■ Exercise prompt: Go through the data and copy every line exactly, but not the images.

■ Dataset section:

════════════════

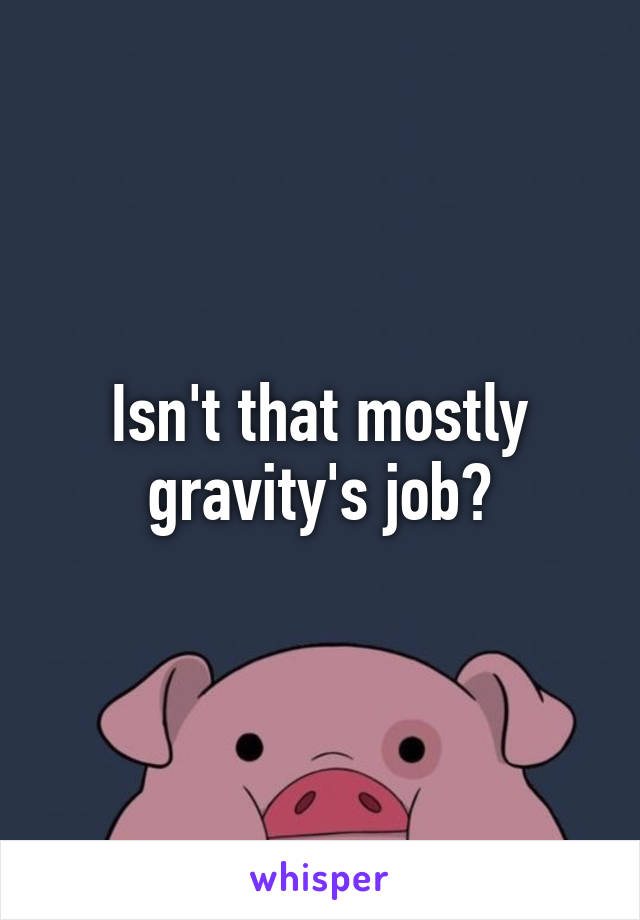 Isn't that mostly gravity's job?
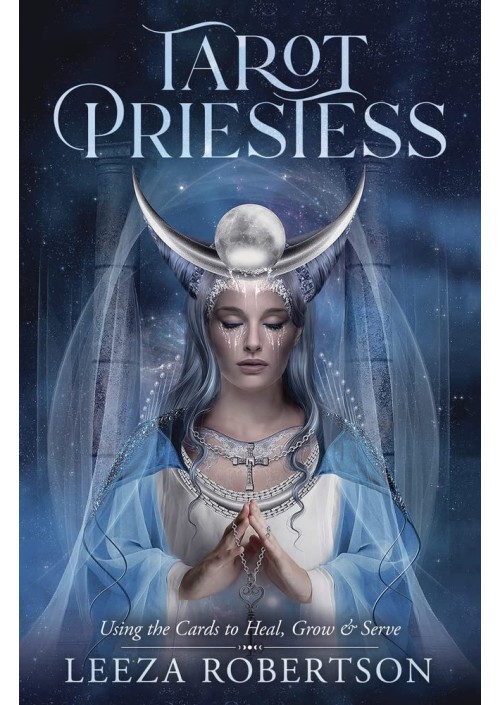 Tarot Priestess : Using the Cards to Heal, Grow & Serve by Leeza Robertson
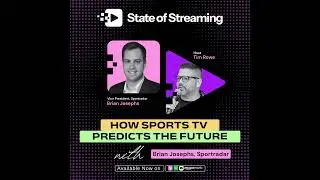 How Sports TV Predicts the Future with Brian Josephs, Vice President of the Americas at Sportradar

════════════════

■ Solution to the exercise:
 Isn't that mostly gravity's job?
 Tarot Priestess : Using the Cards to Heal, Grow & Serve by Leeza Robertson
 How Sports TV Predicts the Future with Brian Josephs, Vice President of the Americas at Sportradar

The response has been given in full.